WITH_REPRODUCIBLE_BUILD="YES"

and src-env.conf:

WITH_META_MODE="YES"

if you want to take advantage of META_MODE, you'll also have to kldload(8) filemon(4), and persist it via rc.conf(5):

kld_list="filemon"

Building sets

The way I create PkgBase sets with poudriere is generally like this:

~> % poudriere jail -c -j 14-current-aarch64 \
       -x -a arm64.aarch64 \
       -B -b -m git+https \
       -v main \
       -K "GENERIC GENERIC-MMCCAM GENERIC-NODEBUG GENERIC-MMCCAM-NODEBUG"

Let's break this down:

  • We instruct poudriere to -create a -jail called 14-current-aarch64
  • for the arm64.aarch64 -architecture
  • and to build native-xtools cross compile tools
  • build a Pkg-Base set
  • -build the OS
  • fetch the source using the git -method via git+https
  • build the -version (branch) main
  • build using -KERNCONF "GENERIC GENERIC-MMCCAM GENERIC-NODEBUG GENERIC-MMCCAM-NODEBUG"

Updating sets

I use a fish script to update my package sets:

#!/usr/bin/env fish

set -l basedir  (readlink -f (dirname (status filename)))

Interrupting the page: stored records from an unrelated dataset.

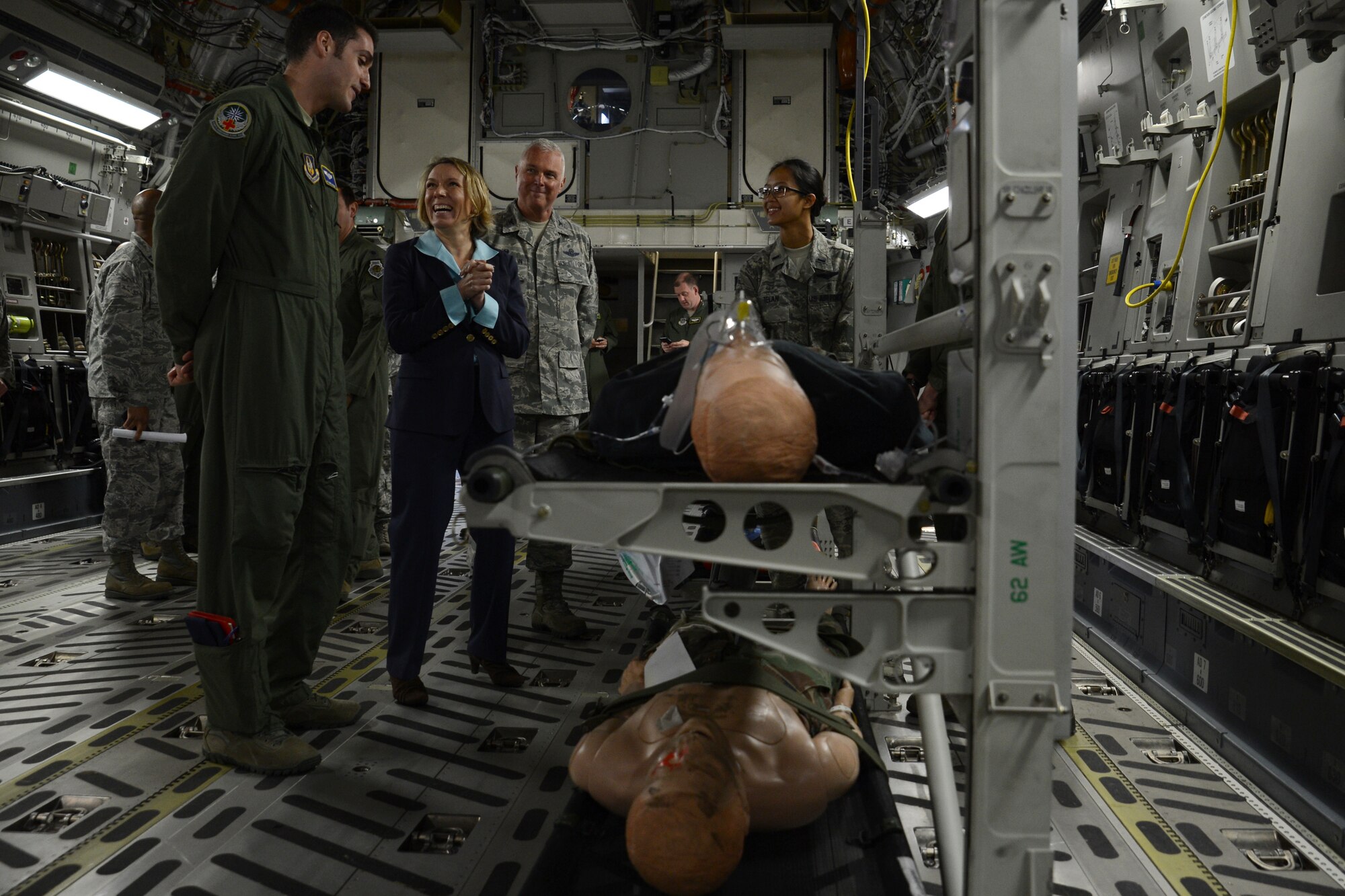 Airmen from the 446th Airlift Wing brief Miranda Ballentine, assistant secretary of the Air Force for installations, environment, and energy, on their aeromedical evacuation mission May 11, 2015, at Joint Base Lewis-McChord, Wash. The 2,100 Airmen assigned to the 446th AW perform 44 percent of the C-17 Globemaster III missions from JBLM.  (U.S. Air Force photo\ Staff Sgt. Tim Chacon)
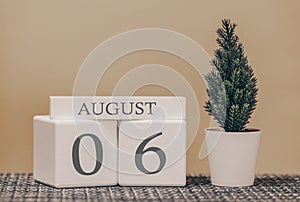 Desk calendar for use in different ideas. Summer month - August and the number on the cubes 06. Calendar of holidays on a beige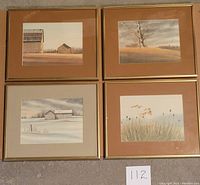 Four framed prints by James Bessey showing rural and nature scenes, arranged in a 2x2 grid on the floor.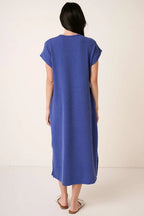 Back view of a woman wearing a royal blue midi dress on a plain background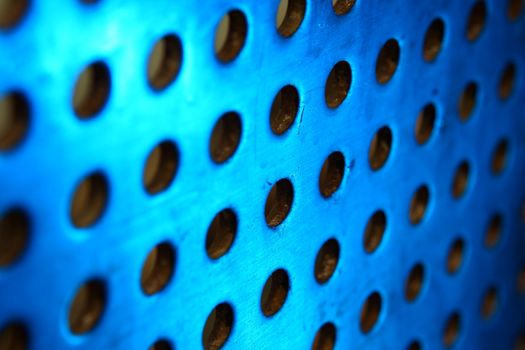 metal background with circles with blue toned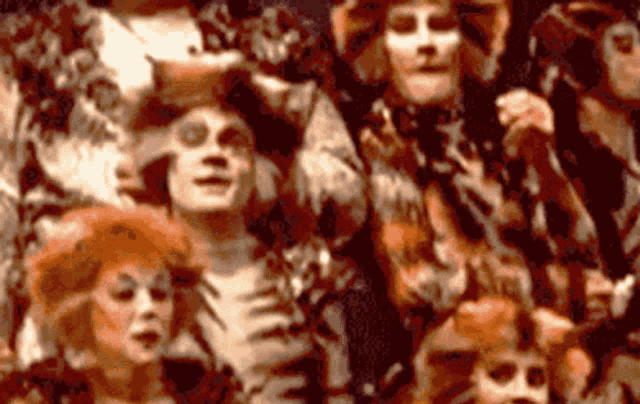 a painting of a group of people with their faces painted in different colors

for j in (poudriere jail -qnl | awk "!/^iso-/ && /$argv/")
    echo "============================================================="
    echo "  Preparing to update $j..."
    echo "============================================================="

    set -l powder (string split ' ' (poudriere jail -ql | grep "^$j "))

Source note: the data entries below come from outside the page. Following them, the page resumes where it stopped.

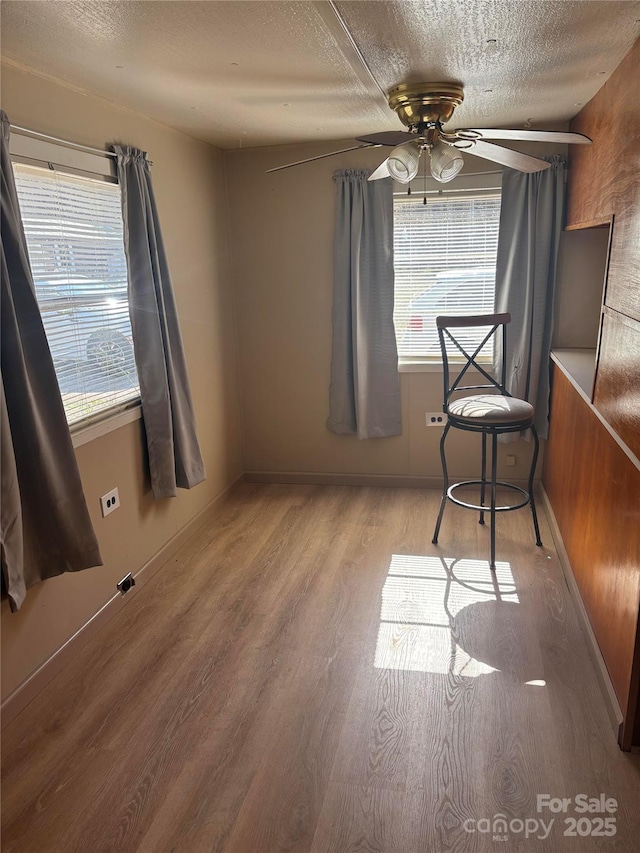 interior space with a textured ceiling, ceiling fan, and wood finished floors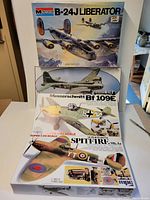 Three unopened vintage aircraft model kits on table, including Monogram B-24J Liberator, MPC Messerschmitt Bf 109E, and MPC Supermarine Spitfire Mk.1a, showing front packaging art.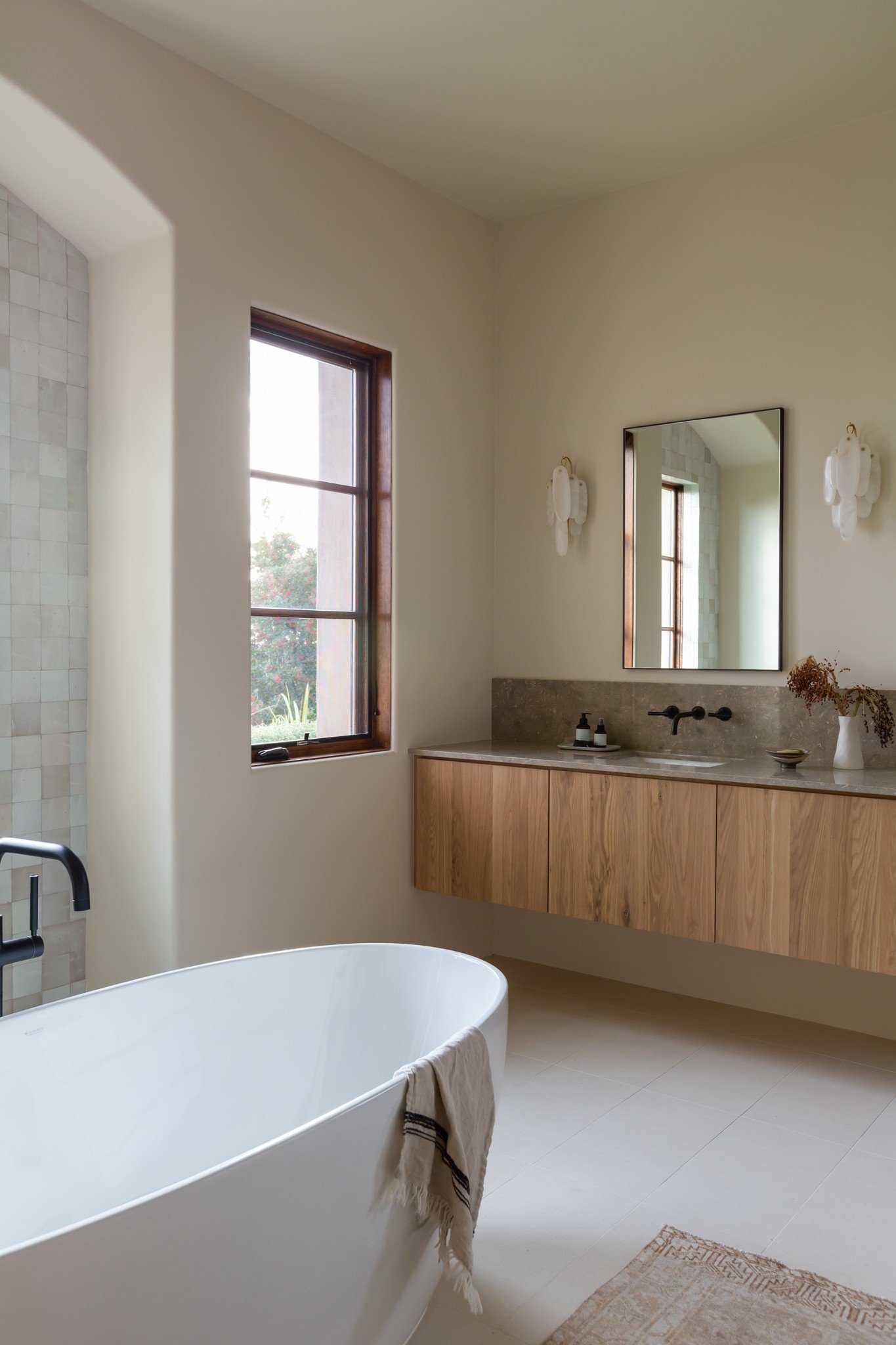 Modern luxury bathroom with white soaking tub, black accent windows, wooden floating cabinets and sink.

    set -l src_path "$powder[-1]/usr/src"
    git -C $src_path pull --ff-only

    set -l cur_hash (git -C $src_path show-ref --abbrev --heads --hash)
    set -l rec_hash $powder[4]
    set -l arch (uname -m)
    set -l jarch $powder[5]
    set -l xarch (test "$arch" = "$jarch"; or echo "-x")

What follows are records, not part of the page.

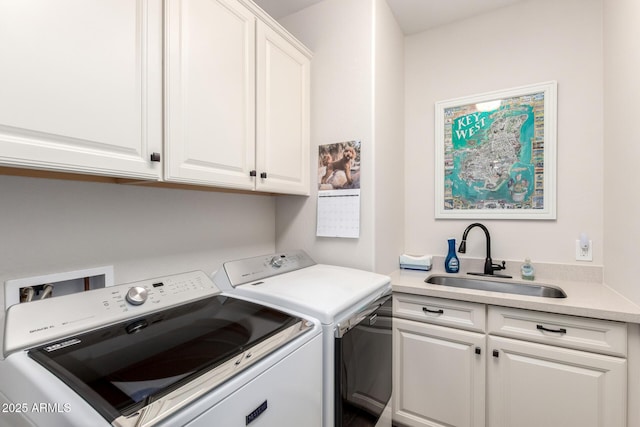 laundry area with washing machine and dryer, cabinet space, and a sink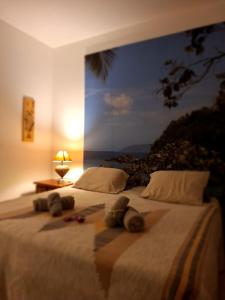 En eller flere senge i et værelse på Viva a Ilha mais Bela - 150m das praia do Viana e siriúba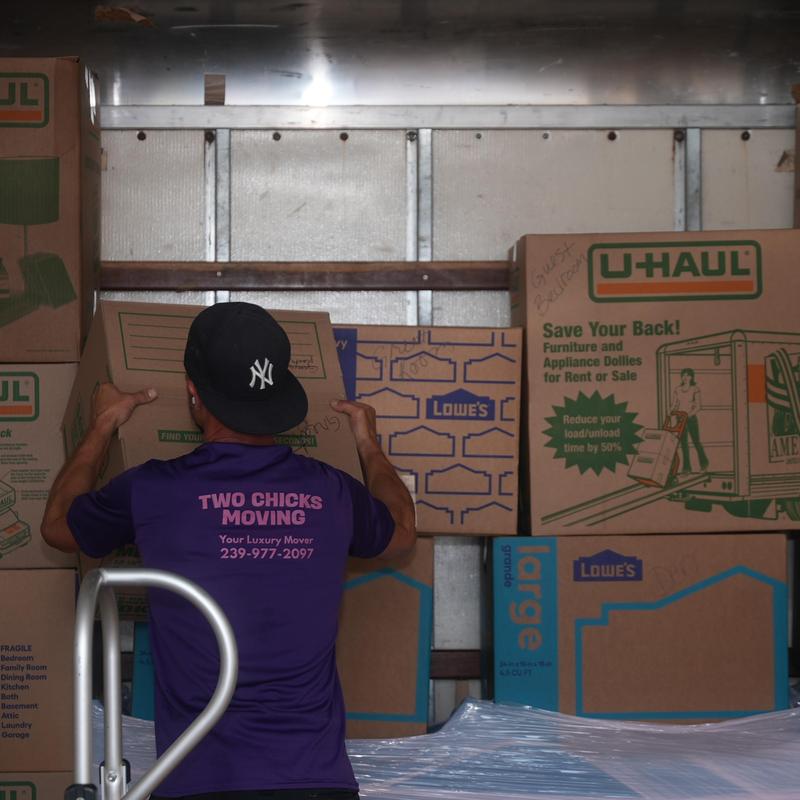 Moving boxes being packed in moving truck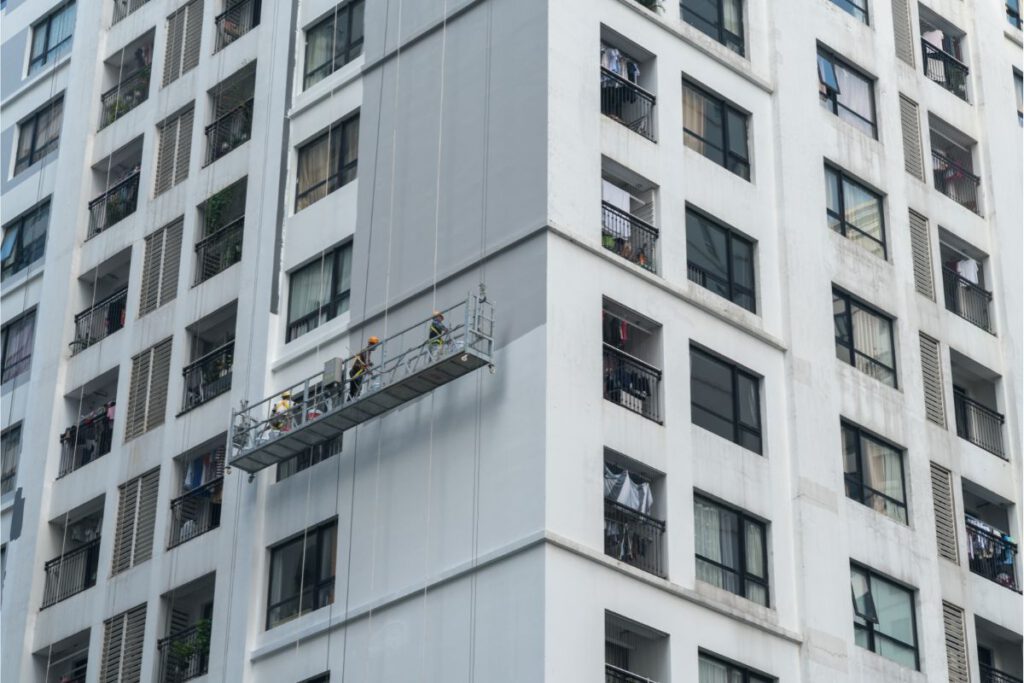 workers painting exterior of high rise- building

    if test "$cur_hash" = "$rec_hash"
        echo "============================================================="
        echo "  Skipping update of $j: already up-to-date"
        echo "============================================================="
        continue
    end

    set -l poudriere_update "time poudriere jail -u $xarch -j $j"
    if not eval $poudriere_update
        echo "============================================================="
        echo "  Failed to update $j :("
        echo "============================================================="
        break
    end

    echo "============================================================="
    echo "  Successfully updated $j !!"
    echo "============================================================="
end

What this does is to compare the git hash after pulling with what poudriere has stored. We skip if there's no need to update.

Similarly, we compare the architecture and if the jail's doesn't match that of the host, we add -x to the -update.


That's all folks.

If you have questions about replicating my setup, I'll be happy to edit this Howto to make it more complete.